« En attendant, je dis que le franc CFA est une bonne monnaie à garder ». Nombreux ont été ceux qui se sont employés à commenter cette phrase du Président Macky Sall, prononcée lors d’une interview. Jusque-là, il n’y a rien de surprenant car, d’une manière générale, la monnaie, et surtout le CFA, est un sujet controversé qui suscite les passions les plus ardentes.
Depuis longtemps, il se pose, on le sait, la lancinante question de savoir si les Etats africains qui partagent cette monnaie doivent-ils continuer à la conserver ou au contraire devraient-ils s’en débarrasser. Or, bien que la majorité des africains, y compris les spécialistes de la question, souscrivent à cette dernière hypothèse, la problématique demeure entière dans la mesure où aucune décision n’est à ce jour adoptée.
Plus étonnant a été le fait de constater sur la toile, l’énorme agitation ainsi que les virulentes critiques qu’a provoquées l’affirmation du chef de l’Etat. Certains se sont même fait le malin plaisir de l’accuser d’être « l’avocat de la continuation du CFA ».
Pourtant, la vérité est que ces reproches ne sont que le fruit d’une lecture trop rapide, voire volontairement tronquée, de la réponse en question. Rappelons que selon les détracteurs, le Président aurait annoncé que « le franc CFA est une bonne monnaie à garder ». Il se trouve que pour parvenir à cette lecture, les contempteurs sont allés trop vite en ôtant délibérément le syntagme « en attendant » du reste de la phrase.

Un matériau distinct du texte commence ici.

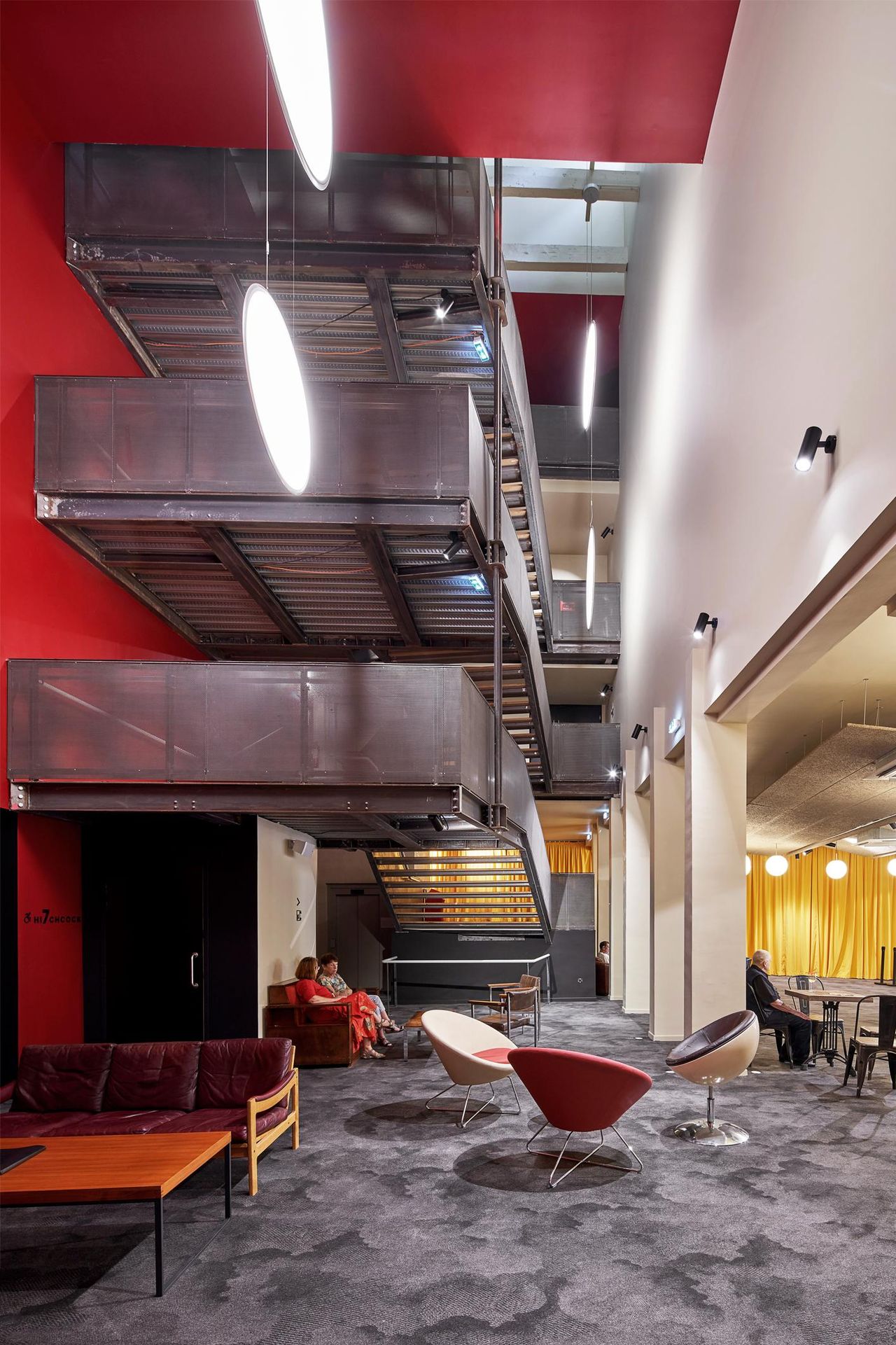 Marseille   Atrium image 5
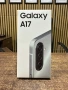 НОВ Samsung Galaxy A17 128GB 4GB RAM, Запечатан, снимка 5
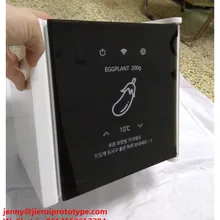 Нержавеющая сталь электронного оборудования аксессуары с ЧПУ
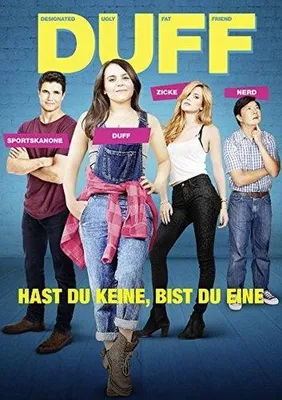 Produktbild von DUFF - Hast du keine, bist du eine!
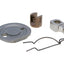 clutch push rod kit complete w/ actuation lever arm for Vespa 125 T5, PE200, Rally OEM STANDARD MOTOVEIKALS 21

Il s’en est ainsi logiquement suivi une dénaturation totale des propos du chef de l’Etat, puisque chacun conviendra qu’il existe une différence sensible entre « Le CFA est une bonne monnaie à garder » et « En attendant, le CFA est une bonne monnaie à garder ». Dans le premier cas, il y a une volonté ferme et définitive de maintenir le statu quo, alors que celui qui prononce la seconde phrase est dans l’expectative. Ce dernier prend en compte les limites de cette monnaie, mais attend d’avoir une alternative crédible et opérationnelle. C’est en toute évidence cette dernière situation que traduisent les paroles du Président. Il suffit de se rapporter à l’intégralité de sa réponse pour s’en convaincre.
Du reste, le discours du chef de l’Etat est sans aucun doute le marqueur d’un réalisme et d’une lucidité remarquables. Il n’est certes pas douteux que les spécialistes s’accordent en général sur l’impératif d’un abandon du CFA. En revanche, le sujet demeure encore entouré de sérieuses incertitudes qui, faute d’être dissipées, compromettent toute sortie immédiate. Tout d’abord, il n’existe, à notre connaissance, aucune étude scientifique ayant techniquement élaboré une méthode claire pouvant permettre de se départir de manière sécurisée du CFA.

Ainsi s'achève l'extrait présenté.